### ASSIGNED TASK
Set down exactly each line of the entries below, beginning at the one that contains "A handmade white" and ending at the last, and no others.

------------------------------------------------------------

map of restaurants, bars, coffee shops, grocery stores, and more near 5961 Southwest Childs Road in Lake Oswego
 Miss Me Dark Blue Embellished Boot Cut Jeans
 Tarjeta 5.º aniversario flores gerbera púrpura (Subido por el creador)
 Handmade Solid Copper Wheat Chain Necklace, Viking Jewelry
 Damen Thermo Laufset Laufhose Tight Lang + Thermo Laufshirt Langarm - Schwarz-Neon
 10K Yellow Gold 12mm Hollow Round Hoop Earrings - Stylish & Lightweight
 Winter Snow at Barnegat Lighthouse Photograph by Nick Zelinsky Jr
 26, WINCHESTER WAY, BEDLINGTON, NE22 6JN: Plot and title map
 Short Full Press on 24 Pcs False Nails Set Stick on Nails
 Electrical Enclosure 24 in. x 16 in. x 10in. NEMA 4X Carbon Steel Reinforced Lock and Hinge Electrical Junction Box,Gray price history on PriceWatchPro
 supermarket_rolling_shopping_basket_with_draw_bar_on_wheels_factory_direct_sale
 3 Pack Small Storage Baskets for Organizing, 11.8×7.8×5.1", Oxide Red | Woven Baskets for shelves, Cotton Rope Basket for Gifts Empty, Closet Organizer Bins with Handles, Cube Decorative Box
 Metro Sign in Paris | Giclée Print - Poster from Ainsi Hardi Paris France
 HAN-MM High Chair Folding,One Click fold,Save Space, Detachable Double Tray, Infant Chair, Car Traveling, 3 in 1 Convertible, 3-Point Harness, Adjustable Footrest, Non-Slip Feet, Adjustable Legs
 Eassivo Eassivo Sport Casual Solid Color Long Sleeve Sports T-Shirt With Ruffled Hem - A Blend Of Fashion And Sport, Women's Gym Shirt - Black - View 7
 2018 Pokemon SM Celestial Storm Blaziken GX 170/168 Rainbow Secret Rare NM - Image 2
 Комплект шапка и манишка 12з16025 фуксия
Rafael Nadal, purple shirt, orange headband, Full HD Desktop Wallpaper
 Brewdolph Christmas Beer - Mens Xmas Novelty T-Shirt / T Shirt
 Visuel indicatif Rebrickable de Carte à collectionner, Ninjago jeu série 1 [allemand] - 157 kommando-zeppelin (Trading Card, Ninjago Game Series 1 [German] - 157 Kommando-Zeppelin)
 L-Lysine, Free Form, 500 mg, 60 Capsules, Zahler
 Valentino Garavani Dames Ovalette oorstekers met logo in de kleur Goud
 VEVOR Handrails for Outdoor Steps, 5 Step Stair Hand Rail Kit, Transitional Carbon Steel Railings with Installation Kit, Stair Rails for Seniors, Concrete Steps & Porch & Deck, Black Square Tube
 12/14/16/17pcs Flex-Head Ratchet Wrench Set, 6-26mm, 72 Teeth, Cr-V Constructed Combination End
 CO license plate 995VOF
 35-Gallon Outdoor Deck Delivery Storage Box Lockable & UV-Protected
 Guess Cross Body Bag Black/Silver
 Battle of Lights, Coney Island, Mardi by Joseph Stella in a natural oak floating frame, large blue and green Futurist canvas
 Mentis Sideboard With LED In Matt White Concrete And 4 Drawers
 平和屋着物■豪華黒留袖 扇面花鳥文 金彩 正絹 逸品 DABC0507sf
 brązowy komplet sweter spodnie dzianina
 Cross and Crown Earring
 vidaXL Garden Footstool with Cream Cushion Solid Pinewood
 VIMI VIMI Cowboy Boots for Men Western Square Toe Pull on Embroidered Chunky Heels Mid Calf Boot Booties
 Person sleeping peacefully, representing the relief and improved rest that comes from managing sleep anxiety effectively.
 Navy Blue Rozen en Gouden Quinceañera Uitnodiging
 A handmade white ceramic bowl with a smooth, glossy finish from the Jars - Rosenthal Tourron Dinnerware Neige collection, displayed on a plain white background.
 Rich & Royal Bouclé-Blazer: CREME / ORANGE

------------------------------------------------------------

### SOLVED PROBLEM
 A handmade white ceramic bowl with a smooth, glossy finish from the Jars - Rosenthal Tourron Dinnerware Neige collection, displayed on a plain white background.
 Rich & Royal Bouclé-Blazer: CREME / ORANGE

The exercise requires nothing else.